Advanced SAML Integration Settings

The settings on the Advanced tab are used to refine and troubleshoot a SAML integration.

The following settings on the Advanced tab control some less commonly used SSO configuration.
Base metadata URL

This value sets the desired URL for the entityID and endpoint URLs. This URL should be an https. If you aren't using a URL with https, you need to get help from Support to continue setting up SSO.

Enable Username Confirmation for New Users, Enable Email Confirmation for New Users, Enable Name Confirmation for New Users
These settings define the behavior for new users when they first log in. When they're selected, users will be asked to confirm that they want to use their Single Sign-On credentials to interact with the community. By default, these settings are all disabled, since in most cases the intended result is for users to log in using SSO. The Enable Name Confirmation setting has an additional application when users typically log in with either a single-word username or an email address, but may need the option to provide a first/last name combbination. If you select this check box, users can write to those profile fields after initial login.
Note: These fields also apply to any users who may be logging into your community using External ID.
Passive Authentication
When guest access is enabled, issues a SAML AuthnRequest upon first access with "isPassive=true", which should cause the IDP to simply redirect back to Jive if the user doesn't have an active session with the IDP. Note that in 5.0.3, this does not exclude robots, so an instance is effectively excluded from Google or Facebook share, because those bots cannot navigate the SSO process (even though they don't need to authenticate).
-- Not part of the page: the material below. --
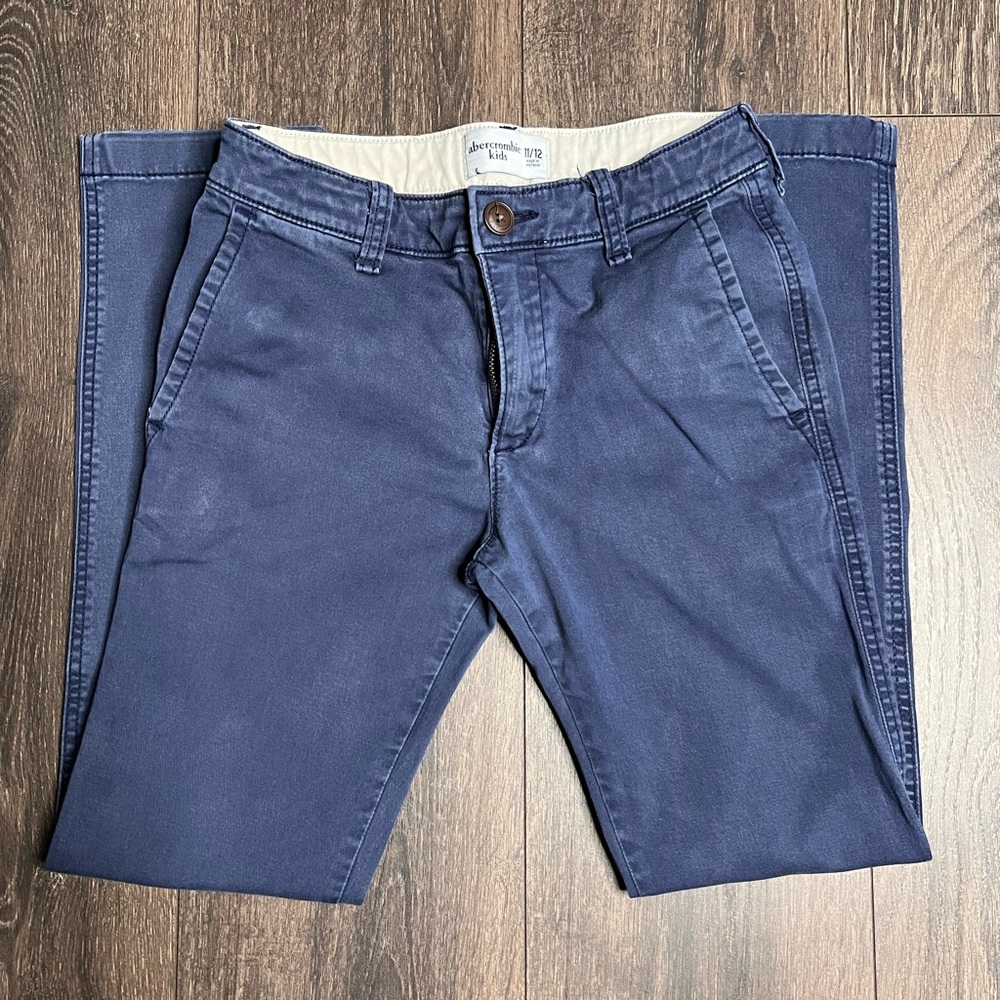 Abercrombie Blue Chino Pants, Slim Fit - Very Good Quality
If you need to list your site on Google or share it on Facebook, don't enable this setting.
NameID Format
For most IdPs, using the default setting is correct.
NameID Allow Create
By default, this check box is cleared. You should leave it cleared unless you receive an error about NameID creation while setting up your SAML integration.
Force Authentication
Forces any user with an existing IdP session to log in again.
Sign Metadata
Specifies that metadata should be signed. You should clear this check box UNLESS your IDP requires that the metadata be signed. If you use ADFS, you must clear this check box.
Requested AuthnContext
Along with Requested AuthnContext Comparison, this optional setting is used to add additional information to requests in certain specific cases. It's disabled by default.
Requested AuthnContext Comparison
Along with Requested AuthnContext, this optional setting is used to add additional information to requests in certain specific cases. It's disabled by default.
RSA Signature Algorithm URI
This setting is used to troubleshoot ADFS integrations.
Key Store
This feature is used by Support for troubleshooting.